Roti Canai is a popular Malaysian appetiser usually eaten with curry.
• 10 oz Plain flour
• 1/2 Cup water
• 1/2 Cup ghee
• Salt to taste
1. Sieve flour and salt into a bowl
2. Add ghee and water and knead till the dough smooth.
3. Let the dough rest for about 2 to 3 hours to soften.
4. Make small balls from the dough, oil the work top with ghee and work each ball into a very thin sheet.
5. First flatten with oiled palms, now thin it again by pulling the edges.
6. Sprinkle the dough sheet with 1 tsp ghee and fold in edges, shape it into a square.
7. Now sprinkle a little flour and roll out slightly.
8. Preheat the griddle or pan, grease it well with ghee.
9. When hot, put roti (bread) on, cook for about 2 to 3 minutes until golden brown.
10. Lift roti with a spatula, grease the griddle with ghee, and cook the other side.
11. Roti Canai is ready to serve.
Last edited by Mama Mangia; 08-04-2011 at 11:20 AM.
Nice recipe, I think that is it almost the same food for Indians.

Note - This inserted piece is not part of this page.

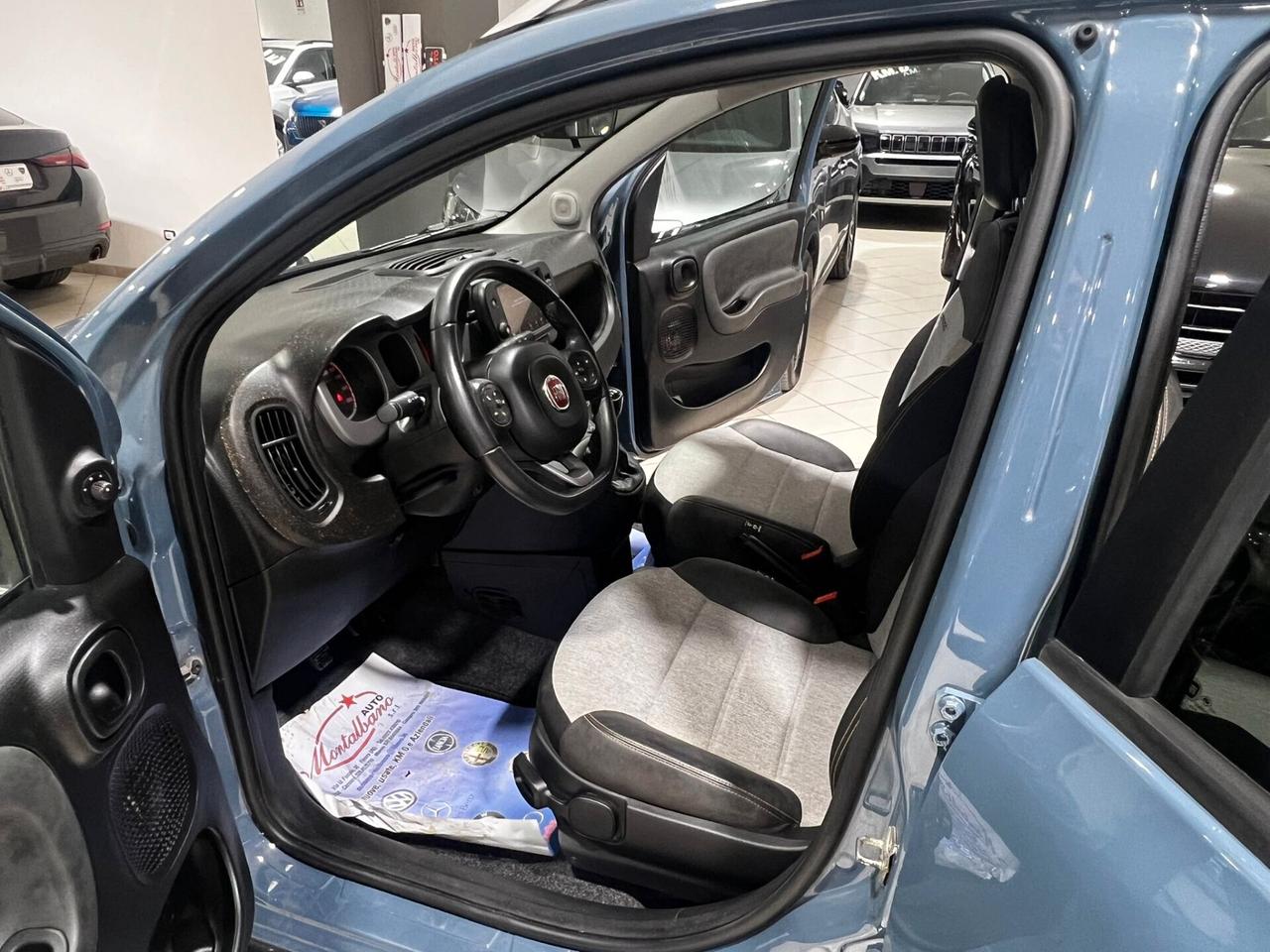 Fiat Panda 0.9 TwinAir Turbo Natural Power City Cross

Procedure and recipe is almost the same too! In Indians they called it Siapati or Paruta.
Here's some of the pictures of your recipe.
Google Image Result for http://1.bp.blogspot.com/_dwNCCLhypao/S76ALwaxenI/AAAAAAAAAMU/IuQ2aQfCcOI/s1600/roti_canai.jpg
You're right.. this recipe was brought to Malaysia by the Indians long long time ago and now it becomes the most popular appetizer in Malaysia, especially among the Indians in Malaysia. Now we don't call it Indian food but Malaysian Food.. Thank you for your info and sharing
I miss them eating it too! Do you have the recipe for the Indian curry sauce? Thanks!!!
You can try Bengal Chicken Curry Recipe in my blog. Check out with my blog address at my profile...
I've tasted it also. Have you tasted mutton (lamb) curry? It is also delicious.
Yes, I did try lamb curry before...but because i don't really like lamb so i seldom use lamb in my recipes..
For me, I just hate the after taste of the lamb. It is kinda oily.